Sur les affiches, les noms des auteurs n'avaient été inscrits qu'à partir de 1625. Avant, seul figurait le titre de la pièce. Et c'est en 1789 que les acteurs sont indiqués. Mais le public se méfie, car les comédiens renommés ont l'habitude de ne jouer qu'une ou deux fois, et filent aussitôt dans les provinces, où ils sont mieux payés.

Au parterre, les spectateurs, du temps de Molière, de Racine, restaient debout. Ils n'eurent droit à des bancs, inconfortables et trop rapprochés l'un de l'autre, qu'en 1782 à la Comédie-Française, en 1788 aux Italiens.

Il y eut, au XVIIIe siècle, une fièvre du théâtre privé. A la Cour, aux armées, dans les palais, dans les châteaux, dans les collèges et jusque dans les séminaires, les amateurs raffolaient de jouer. Dans les galeries et les escaliers de Versailles, Madame de Pompadour se faisait applaudir. 160 scènes privées sévissaient à Paris en 1750. La célèbre Marie-Madeleine Guimard, de l'Opéra, se fit construire un théâtre de 500 places dans un palais qu'elle commanda au grand Claude-Nicolas Ledoux. Décorations de Fragonard et du jeune David. Nombre de grands visiteurs étrangers ne quittaient pas Paris sans aller admirer cette architecture superbe, 9, rue de la Chaussée-d'Antin, qui fut détruite lors du tracé de la rue Meyerbeer.

La vie du théâtre au XVIIIe siècle fut changée du tout au tout par la création des Grands Boulevards, à partir de 1850. Une promenade de toute beauté, sur cinq rangées d'arbres magnifiques, surtout de la porte Saint-Martin à la porte Saint-Antoine. Jardins, auberges, marionnettes, ombres chinoises, pantomimes, danseurs de corde, parades de plein air qui duraient jusqu'à trente ou quarante minutes, gratuites, pour le bonheur d'un public qui réunissait, pour la première fois, les classes du petit et grand monde. De vrais théâtres ne tardèrent pas à s'élever, L'Ambigu-Comique, les Délassements-Comiques, les Variétés-Amusantes. Le dimanche, plus de 20 000 personnes se retrouvaient sur cette promenade.

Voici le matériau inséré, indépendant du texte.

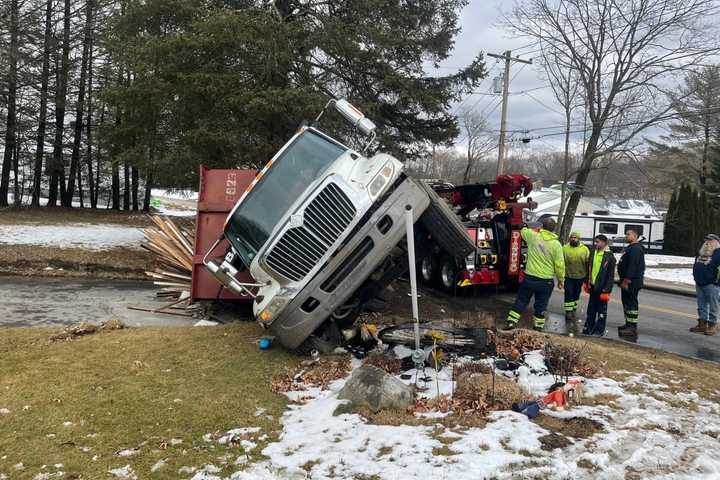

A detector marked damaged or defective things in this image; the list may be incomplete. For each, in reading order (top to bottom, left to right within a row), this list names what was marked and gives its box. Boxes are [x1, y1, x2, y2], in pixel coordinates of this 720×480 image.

Maurice Lever termine son livre sur ce que l'on nommait alors la « comédie clandestine », « propre à débarrasser les femmes de ce reste de pudeur qui les fatigue », écrit le chroniqueur de Paris Louis-Sébastien Mercier. Cela n'était pratiqué que chez les aristocrates du boulevard Saint-Germain. « Ces spectacles offrent le modèle de la pornographie la plus basse. Les corps se dénudent, les ardeurs viriles se manifestent sans équivoque, tandis que les hétaïres extasiées, le sein et le sexe offert, se pâment de plaisir sur la couche ». Une version d 'Héloïse et Abélard présentait Héloïse « pantelante » sous la flagellation de son homme. Maurice Lever dit que l'on ne saurait mieux comparer ces spectacles qu'aux films classés X.

Va-t-on oser une remontrance à ce livre captivant ? Il passe sous silence la très étrange situation du notre théâtre pendant la Révolution, et dans les années qui suivirent - événement qui ne suscita pas une seule oeuvre de grande dimension.